As indicated by the first editorial, hoped-for "new jobs" are an illusion and will come from someplace else in the local economy. . . Hold that thought for a moment.

The first editorial pointed out something else:
. . . The age of the automobile led to the spread of growth into suburban communities . . .
While the automobile changed what is "local," our government which was organized on a pre-automobile concept of "local" has not changed. The result has been (not only here, but elsewhere in New York State) suburbs and the cities they economically depend upon making policy decisions that hurt the city-suburban region as a whole. In Upstate, we have what has been documented by the Brookings Institute as one of the worst cases of sprawl in the nation . . . sprawl without growth in population . . . The result is extremely high levels of taxation which drive more people away and create a need for even higher taxes.




New Hartford, Whitestown, and Utica being separate jurisdictions makes about as much sense as east and west Utica being separately governed. If there was a Municipality of Greater Utica instead, somehow I think we would still have an apple orchard in New Hartford . . . or a business park there reserved for manufacturing.

Wednesday, December 09, 2009

Oneida County Sticks It To The Villages . . . and Utica

Oneida County's $158 Million Sewer project has been portrayed by government and media as resolving a problem of too much storm water getting into sewers that now must be removed. With that perspective, few would question the distribution of costs recently published in the local newspaper -- with the communities having the "leakiest" sewers being stuck with the greatest bills. Ignored, however, are the facts that the project was triggered by the County's violation of law; that the violation has exposed local communities to costs, which could have legally been smaller and postponed had no violation occurred; and that the violation enabled the County and certain municipalities to grow their tax bases and incomes "on the cheap." If the County proceeds down its current path on cost sharing with our system of overlapping local governments, the entities that benefited the most from the violation (the County and Town of New Hartford) are going to continue to benefit, while the burden of paying for the project will be passed on to the Villages and the City of Utica.

The table that accompanies this article breaks down costs by jurisdiction, using cost information from an Oct. 10th OD article and an Oct. 8th County press release, plus readily available population information. This table shows what each community would pay, if it is responsible to fix the sewers that it owns. Notice that the Towns' "Cost Per Capita" amounts are significantly less than those of the Villages. Now consider that every Village is also part of a Town. While it is yet undecided how these costs will end up being distributed (everyone is praying for grants), it does not seem unrealistic that Village residents will also be made to pick up the per capita costs of the Town within which they reside. Additionally, the County intends to pass "District Wide" costs on to ALL sewer users, including those living within the affected municipalities listed. The last column shows the "Cumulative Per Capita Cost" of the Consent Order. [Village+Town+"District Wide" or, for Town-only residents, Town+"District Wide"]. The difference between Towns and Villages becomes more pronounced.

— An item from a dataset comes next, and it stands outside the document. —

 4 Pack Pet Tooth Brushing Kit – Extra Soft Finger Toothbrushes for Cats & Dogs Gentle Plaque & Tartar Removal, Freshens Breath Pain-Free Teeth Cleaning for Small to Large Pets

It is important to remember that these costs are merely the costs necessary to bring the County's, Towns' and Villages' sewer systems into compliance with the Consent Order. The costs do not include the usual sewer user fees collected to process our wastewater. How did we get into this predicament?

We have to go back to when Utica and the Villages were first settled. People lived so close to each other in the settlements that sewers became necessary to carry both storm water and waste water away to where they could be "harmlessly" discharged to a stream. Sewers were "combined" because both storm and waste water were transported together. Later, when it was discovered that the discharge was not so "harmless," treatment plants were added to the end of the pipe before discharge to remove most of the harmful material. Because storm water was included, treatment plants had to be quite large, but even a large plant would not be able to contend with all the water from a significant storm. "Combined Sewer Overflows" (CSOs) were designed to allow some of the combined waters to discharge directly into the stream, bypassing treatment during storms. This was preferable to having the waters back up into people's basements or having to make treatment plants even bigger to handle large storms. This was deemed acceptable because the overflowed waste was highly diluted with rain water.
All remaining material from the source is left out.